◆ EXERCISE REQUIREMENTS ◆
Print the listing below verbatim, passing over each picture.

Start of INPUT DATA

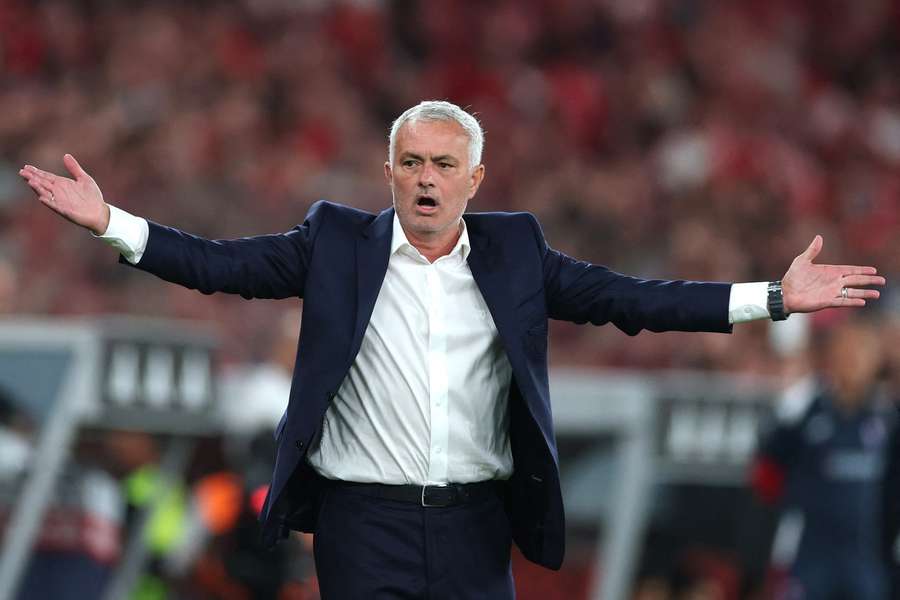 José Mourinho, treinador do Benfica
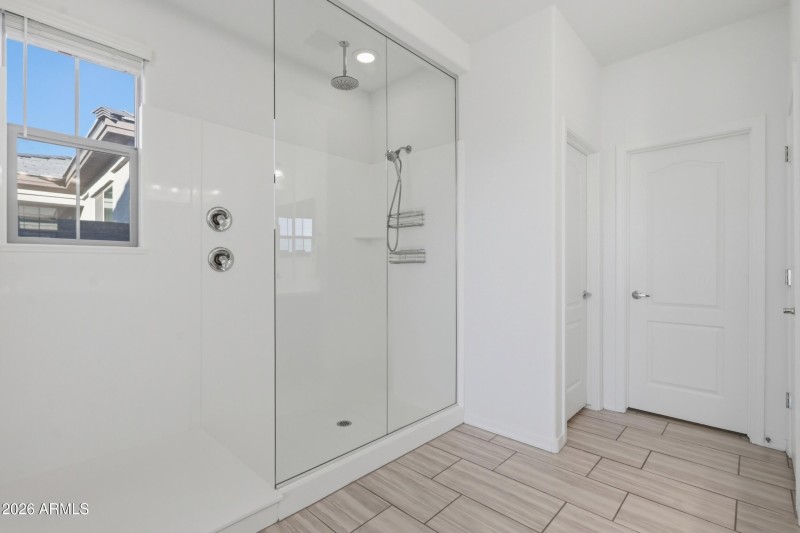 super shower at primary bath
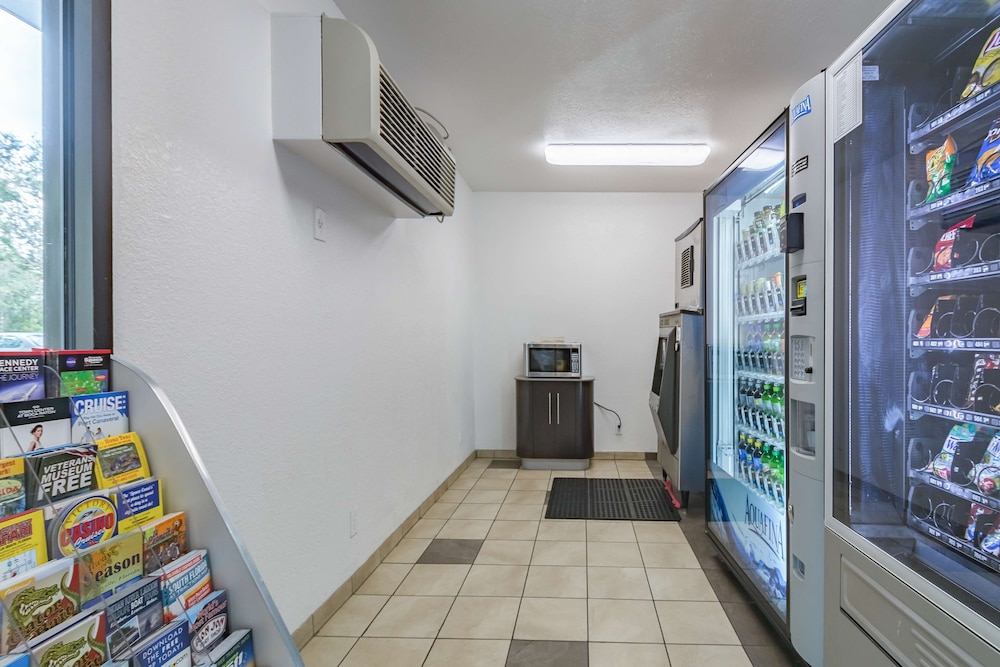 Motel6 Ft. Pierce, FL 7/60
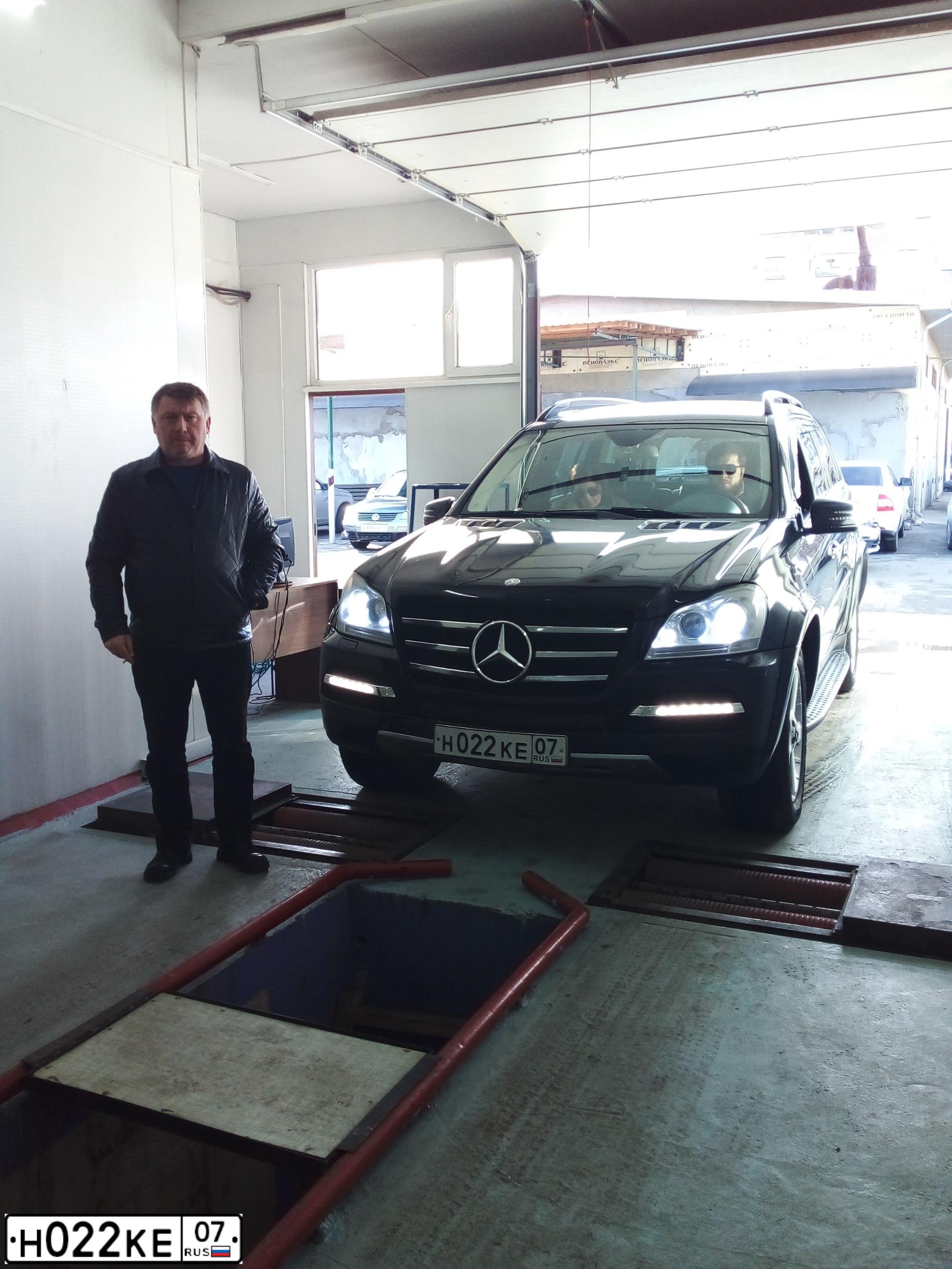 Фото автомобиля MERCEDES GL-KLASSE, 2007 — госномер Р954МВ190. Цвет: ЧЕРНЫЙ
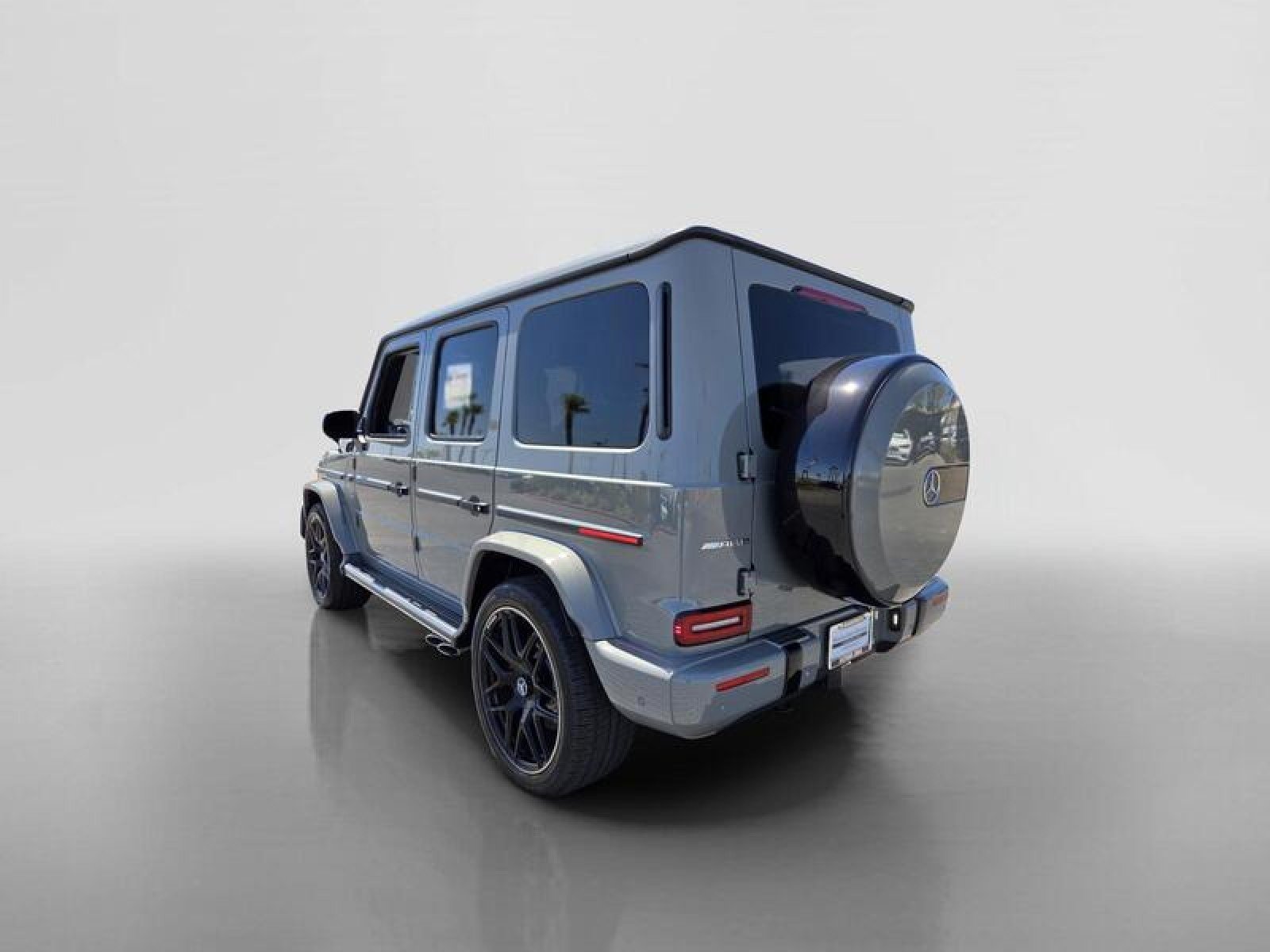 Certified Used 2022 G MANUFAKTUR Arabian Grey Mercedes-Benz AMG® G 63 image 3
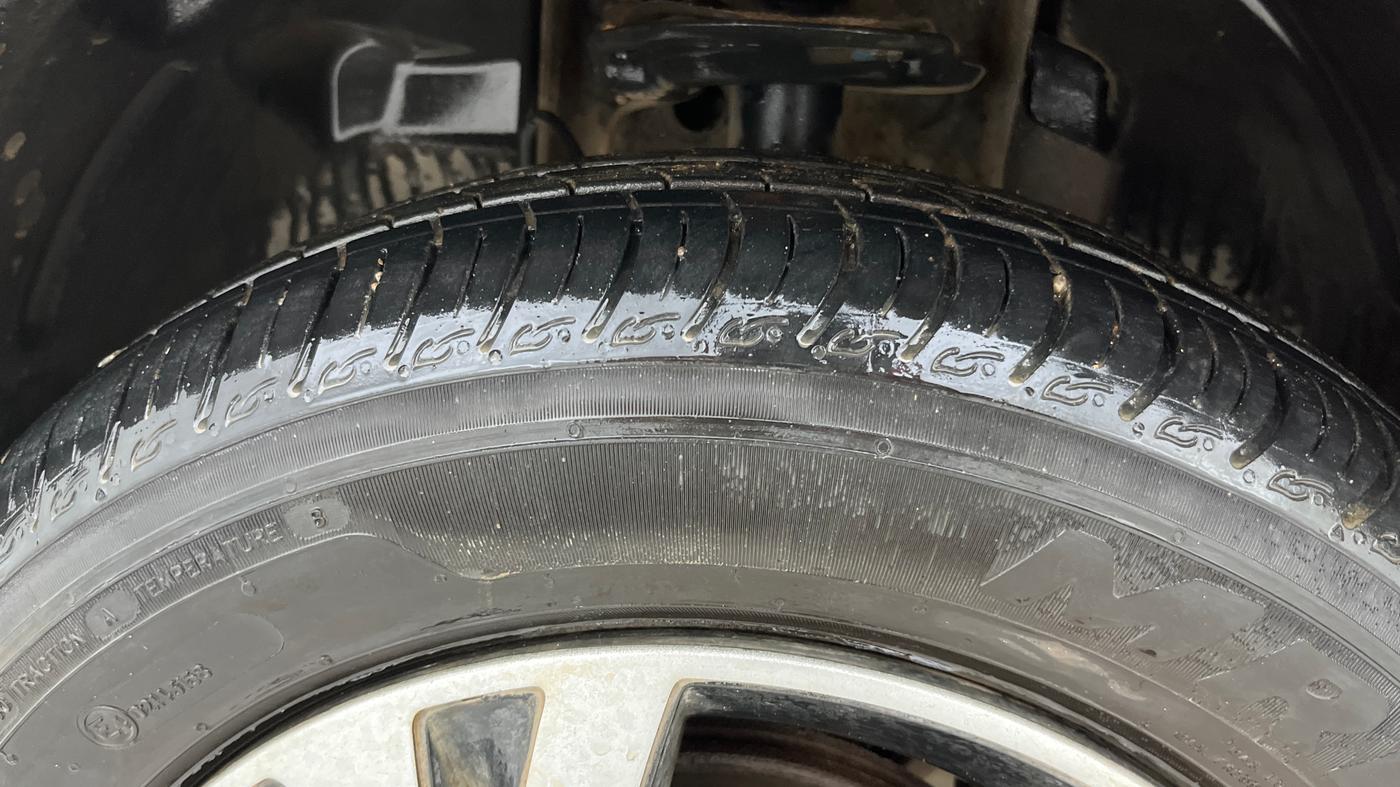 2019 Tata Tiago XZA PETROL, Petrol, Automatic, 38,377 km, Left Front Tyre Tread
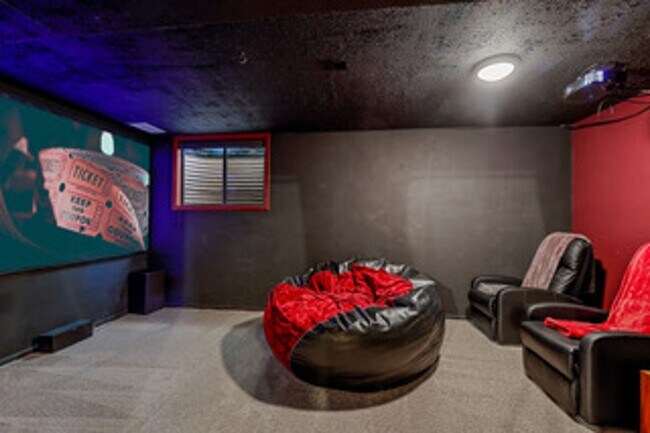 Building Photo - Stunning Doney Park Home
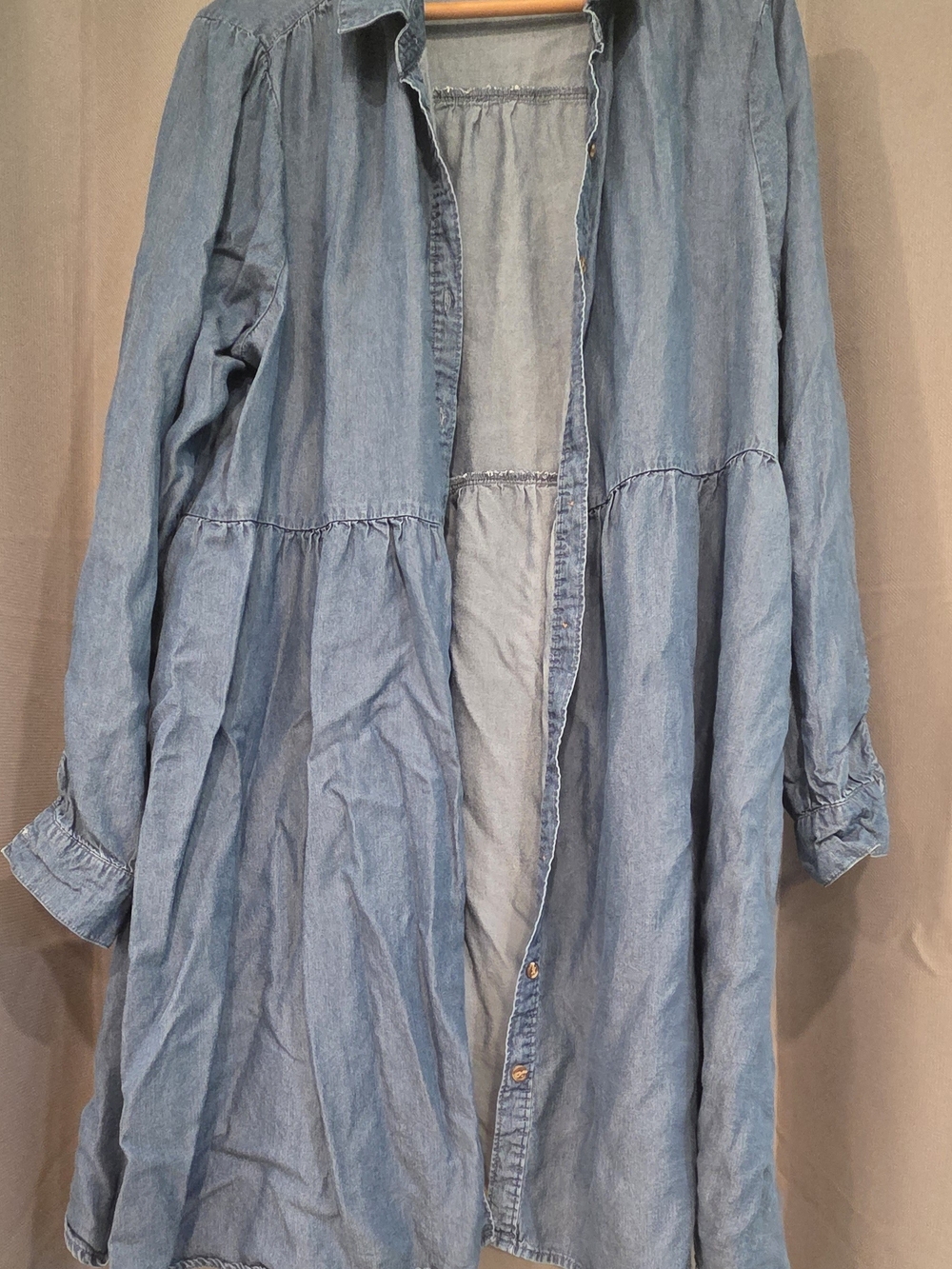 Time and Tru Light Blue Button-Up Shirt Or Lightweight Jacket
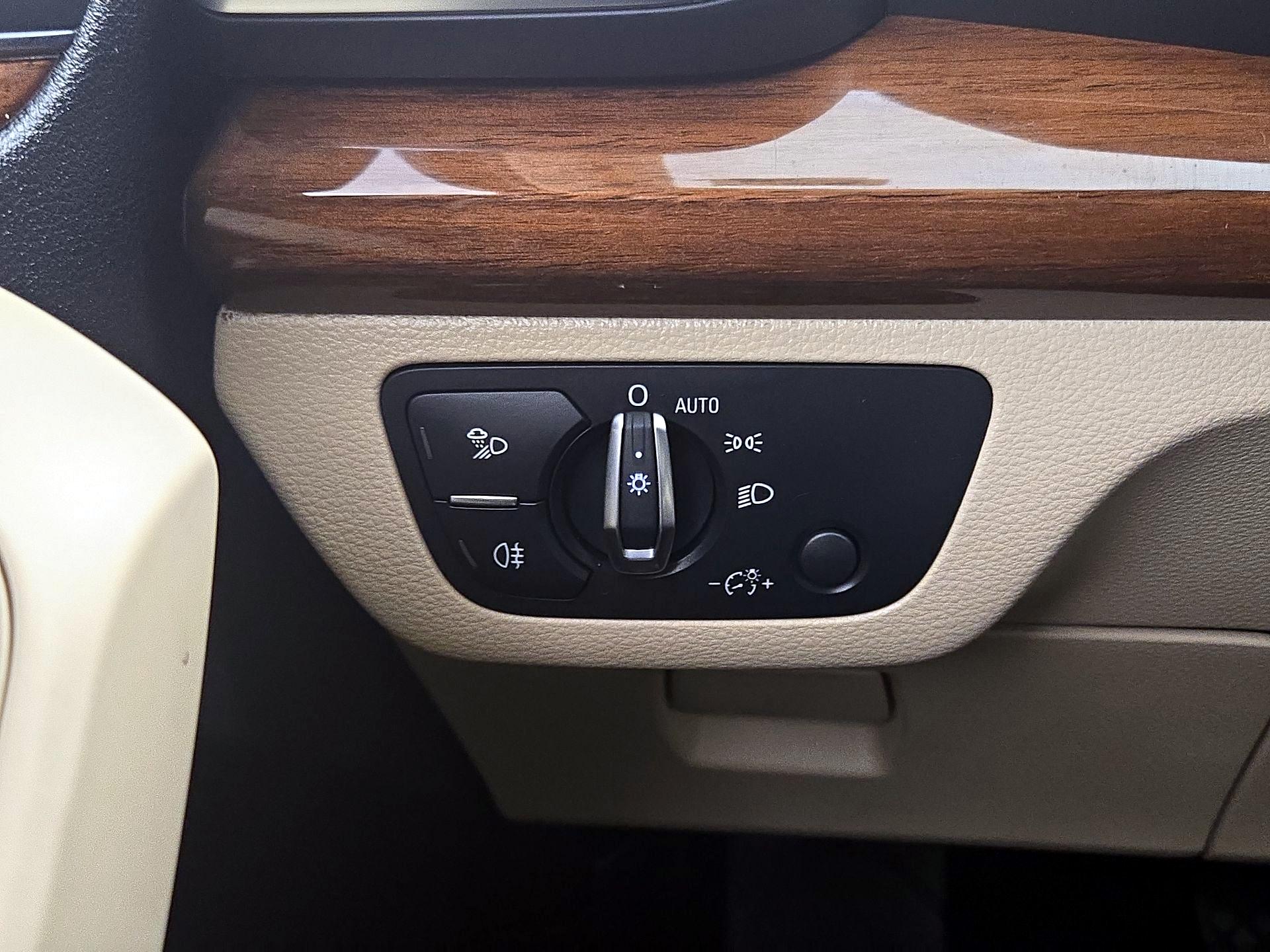 Thumbnail: 2022 Audi Q5 - 13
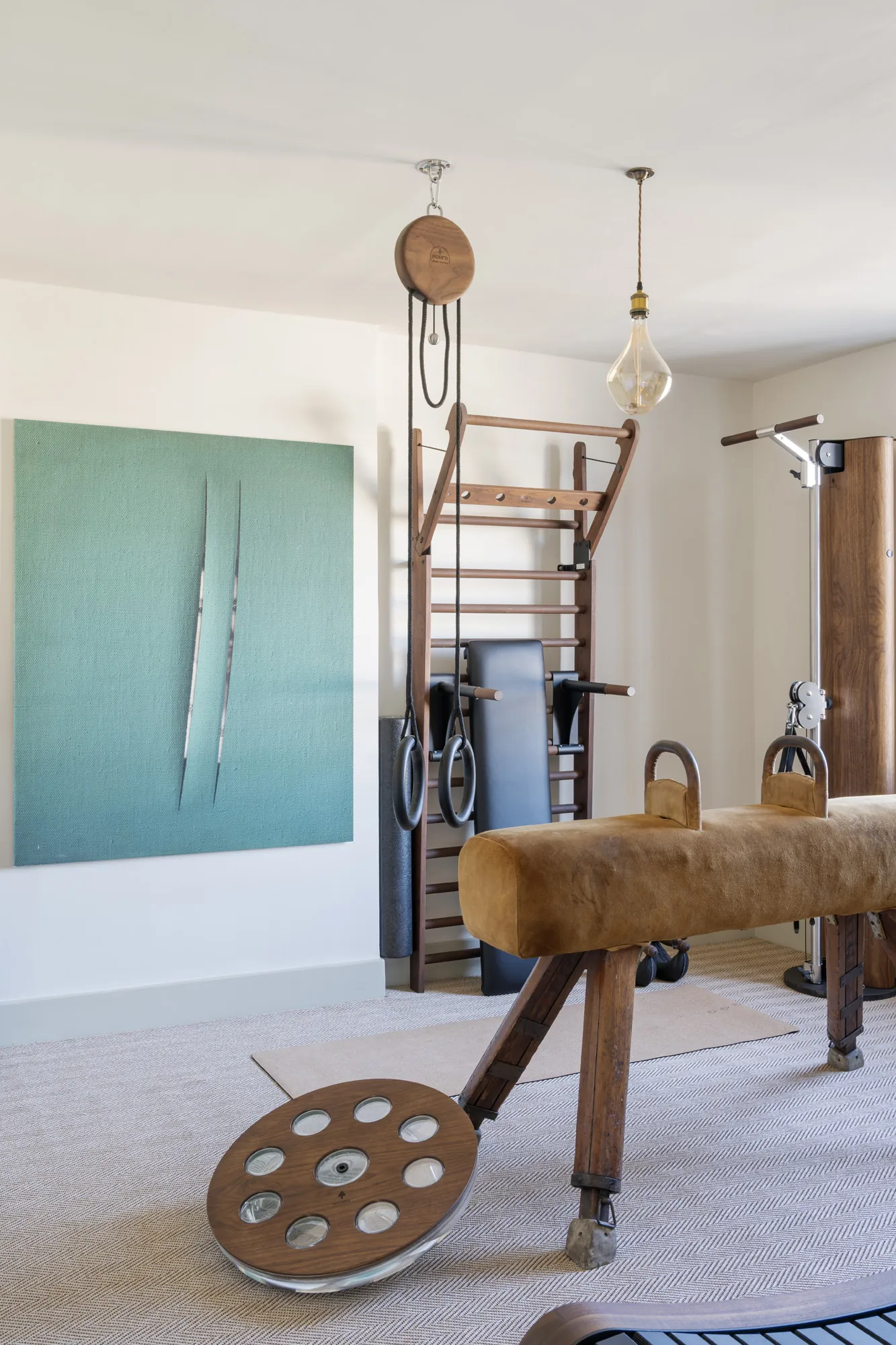 Victoria-House-For-Rent-Eccleston-Square-8_Lo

End of INPUT DATA

◆ OUTPUT ◆
 José Mourinho, treinador do Benfica
 super shower at primary bath
 Motel6 Ft. Pierce, FL 7/60
 Фото автомобиля MERCEDES GL-KLASSE, 2007 — госномер Р954МВ190. Цвет: ЧЕРНЫЙ
 Certified Used 2022 G MANUFAKTUR Arabian Grey Mercedes-Benz AMG® G 63 image 3
 2019 Tata Tiago XZA PETROL, Petrol, Automatic, 38,377 km, Left Front Tyre Tread
 Building Photo - Stunning Doney Park Home
 Time and Tru Light Blue Button-Up Shirt Or Lightweight Jacket
 Thumbnail: 2022 Audi Q5 - 13
 Victoria-House-For-Rent-Eccleston-Square-8_Lo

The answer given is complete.